Required action:
Your reply should consist only of the lines from the one holding "Bmw F 650 GS (2008 - 12)" to the last line of the data below, written out exactly and without pictures.

Collected data entries
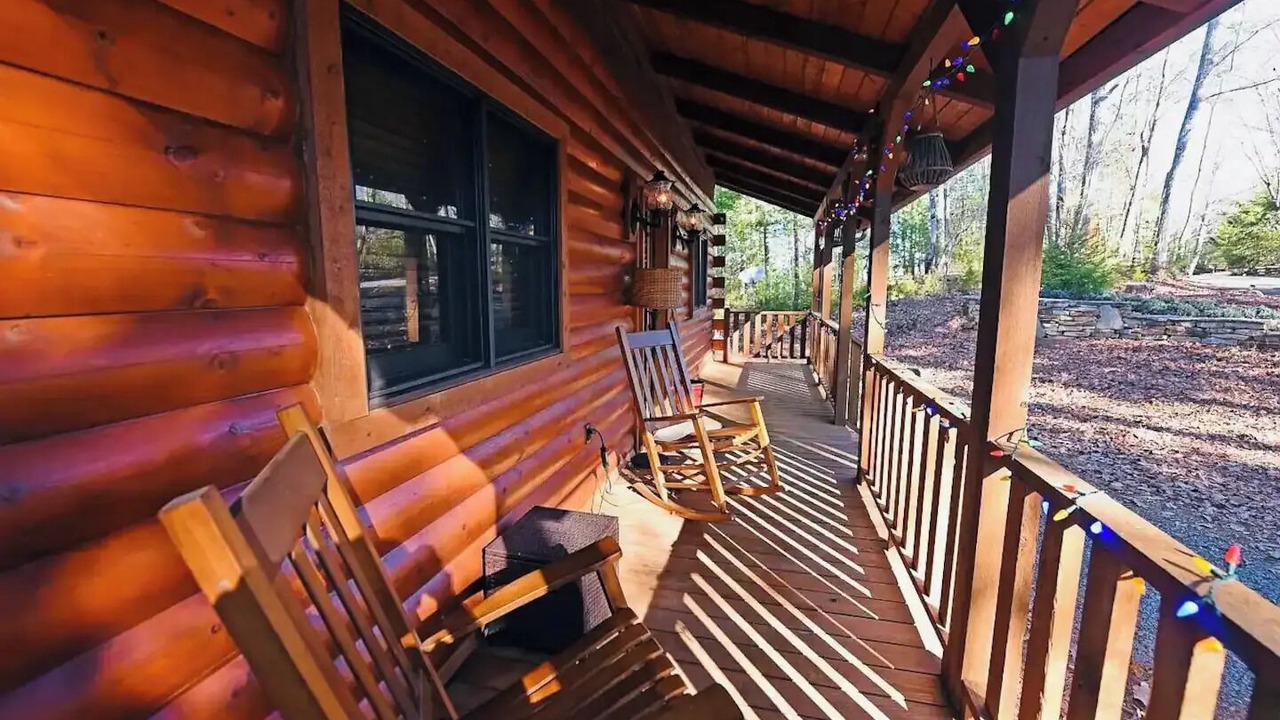 Photo of Patio Balcony in Hidden Lake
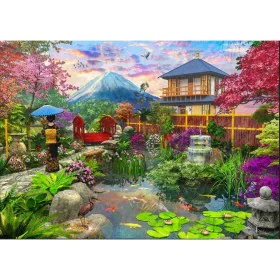 Puzzle Educa Jardim Japonês 1500 Peças de Educa, Puzzles - Ref: S2436206, Preço: 14,64 €, Desconto: %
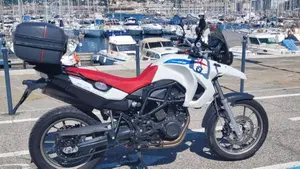 Bmw F 650 GS (2008 - 12) 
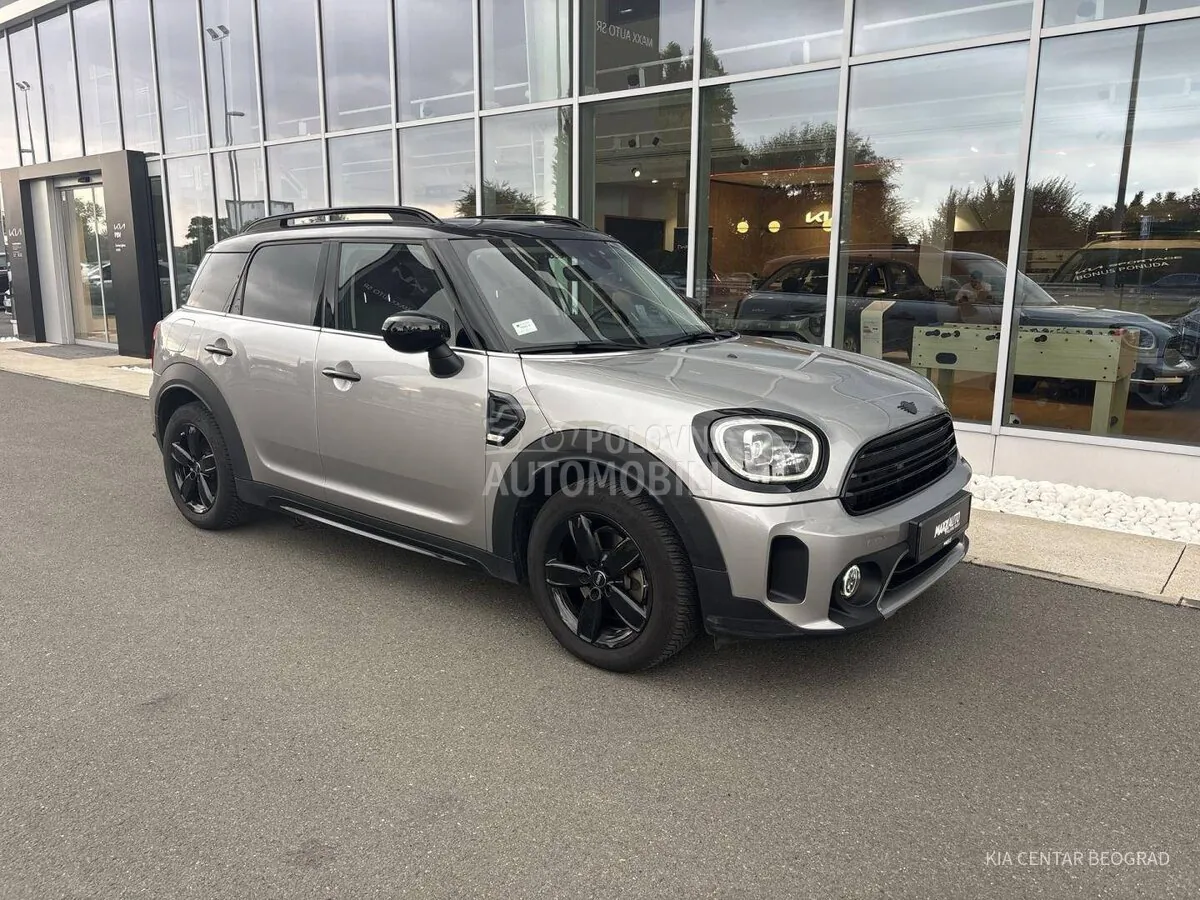 Mini Countryman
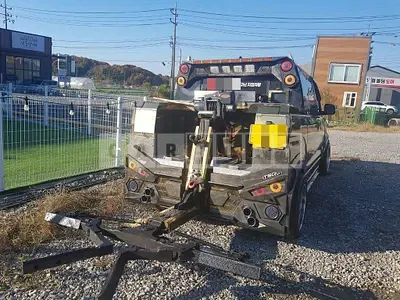 Photo 1 of 30: 2020 Hyundai Taesung Underlift S — Korean insurance auction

Result of this task:
 Bmw F 650 GS (2008 - 12) 
 Mini Countryman
 Photo 1 of 30: 2020 Hyundai Taesung Underlift S — Korean insurance auction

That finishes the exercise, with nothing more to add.